Такие несостыковки могут даже заставить задуматься об уровне вовлеченности судьи в отставке КС РФ в актуальные рабочие процессы судебной системы: а действительно ли она знает ситуацию изнутри?

Усомниться в этом заставляет и несколько «простонародные» заявления на популистскую тему «обвинительного уклона»:

«У нас очень маленький процент оправдательных приговоров. Если ваше дело в суд передано, вас осудят во что бы то ни стало – судьям запрещают оправдывать».

Создается впечатление, будто бы Морщакова не знает устройство российского правосудия. Отличительной (от зарубежных аналогов) особенностью которого является наличие двух «фильтров» (проверок органами предварительного расследования и прокуратурой) перед поступлением дела в суд. После этих двух стадий на разбирательство судьи поступает в среднем только одно дело из пяти зарегистрированных преступлений, что позволяет говорить о 80% оправданий. 

Но даже из примерно миллиона дел в год, что доходят в нашей стране до суда, полноценные обвинительные приговоры выносятся лишь примерно по 200 тысяч (т.е. в среднем около 4% от возбужденных уголовных дел).

5

Большинство критических замечаний Морщаковой не актуальны ввиду планового развития судебной реформы, другие заставляют задуматься о «колониальной оптике». Так, по ее словам, большинство судей считают, что клетки в залах нисколько не противоречат идее справедливого правосудия, в том числе презумпции невиновности. «Нам это почти привычно. У нас почти нет сопротивляемости к таким вещам», — утверждала Морщакова примерно тогда же, когда в российских судах демонтировали последние металлические ограждения для подсудимых. 

«Допустим, еще одна слабость нашего общего процесса и в мировых судах, и во всех, но именно в низовых звеньях, — нет аудиозаписи судебного заседания. Протокол пишется от руки секретарем, часто после заседания под диктовку, в соответствии уже с замышленным решением и не корректируется по жалобам сторон. Стороны говорят: «Я вам принес свою аудиозапись». А это неформальная запись, суды ее не принимают и не могут проверить ее достоверность». 

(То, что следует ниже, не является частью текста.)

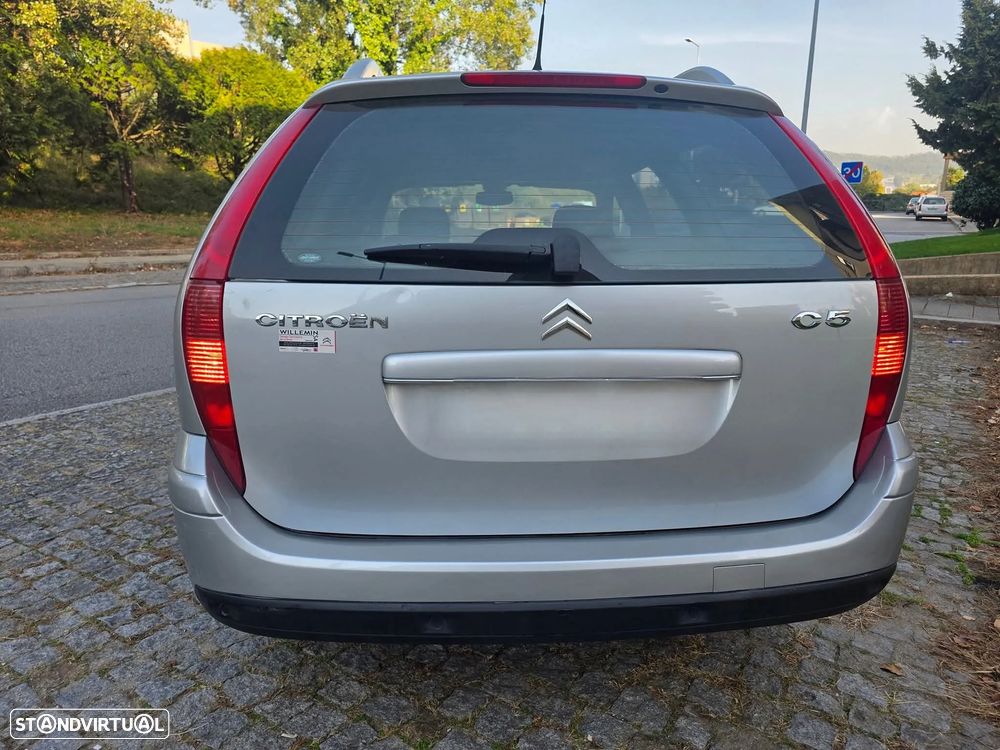 Citroën C5 Break - 5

Заметим, что в отечественных арбитражных судах аудиопротоколированием охвачено 100% судебных заседаний, на которых оно является обязательным. В СОЮ аудиопротоколирование обычно ведется при рассмотрении уголовных дел в апелляции и кассации.

Кроме того, уже несколько лет, как осуществляется обязательная публикация судебных постановлений в интернете без какого-либо предварительного отбора, чем обеспечивается прозрачность судебной деятельности. Уже создано более 3 тысяч интернет-сайтов федеральных судов и мировых судей.

6

Какую цель преследуют такие провокативно резкие заявления, возможно, поможет угадать такая цитата Морщаковой: 

«Надо, наконец, развеивать мифы, которые обычно умышленно сочиняются вокруг дел, привлекающих внимание общества. Информацию, которая официально распространяется властью по этим делам, очень трудно проанализировать людям, находящимся вне системы органов уголовного преследования. Нужно, чтобы какой-то специалист как посредник объяснил, что значит все происходящее».

Напомним, что последнее профессиональное обсуждение идей Морщаковой было посвящено ее высказыванию об «ответственности судей перед обществом и социальном контроле за правосудием». 

Президиум Совета судей РФ тогда обратил внимание КС на то, что «контроль над судебными актами должен осуществляться исключительно конституционными органами посредством уголовного, гражданского и административного судопроизводства» и что экспертиза отдельных дел нарушает право граждан на равенство перед судом и попросил ответить на вопрос, не является ли она «публичной формой влияния на суд при рассмотрении конкретных дел».

Через несколько лет после этого Морщакова ушла из Совета по правам человека и сконцентрировалась на лекциях, комментариях и критических выступлениях. Хочется верить, что уважаемая Тамара Георгиевна с приятными чувствами вспоминает свой изначальный жизненный план:

«Юристом я стала случайно: изначально хотела поступить на факультет журналистики МГУ, куда меня не приняли, несмотря на наличие золотой медали… Меня «спас» школьный друг, который посоветовал пойти на юрфак».